如何从PyQt中的另一个线程访问GUI元素

Question

我正在尝试创建一个客户端 - 服务器应用程序，当服务器关闭时，我希望关闭客户端GUI，这是在另一个线程上运行。我希望访问GUI并关闭，但我得到X错误：错误的实现（...）。我怎么解决这个问题？

Answer 1

当第一个线程关闭时，您可以做的是发出自定义信号..

from PyQt4 import QtGui as gui
from PyQt4 import QtCore as core

import sys
import time


class ServerThread(core.QThread):
    def __init__(self, parent=None):
        core.QThread.__init__(self)

    def start_server(self):
        for i in range(1,6):
            time.sleep(1)
            self.emit(core.SIGNAL("dosomething(QString)"), str(i))

    def run(self):
        self.start_server()


class MainApp(gui.QWidget):
    def __init__(self, parent=None):
        super(MainApp,self).__init__(parent)

        self.label = gui.QLabel("hello world!!")

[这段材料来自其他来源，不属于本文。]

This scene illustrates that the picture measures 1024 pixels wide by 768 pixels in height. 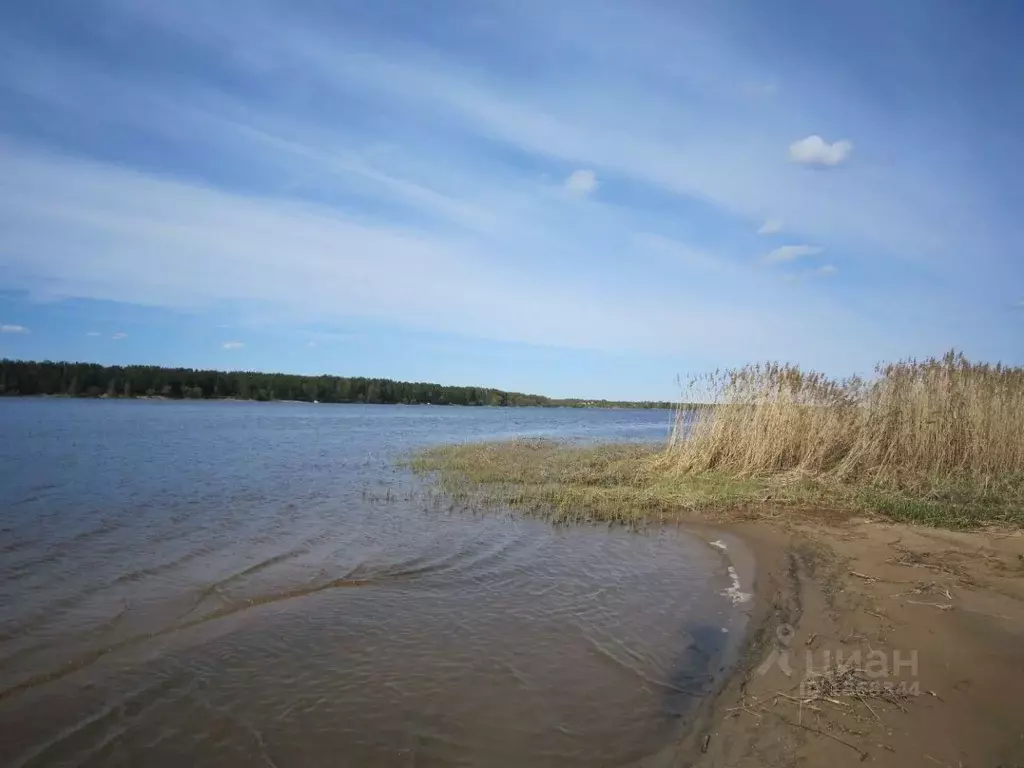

        layout = gui.QHBoxLayout(self)
        layout.addWidget(self.label)

        self.thread = ServerThread()
        self.thread.start()

        self.connect(self.thread, core.SIGNAL("dosomething(QString)"), self.doing)

    def doing(self, i):
        self.label.setText(i)
        if i == "5":
            self.destroy(self, destroyWindow =True, destroySubWindows = True)
            sys.exit()


app = gui.QApplication(sys.argv)
form = MainApp()
form.show()
app.exec_()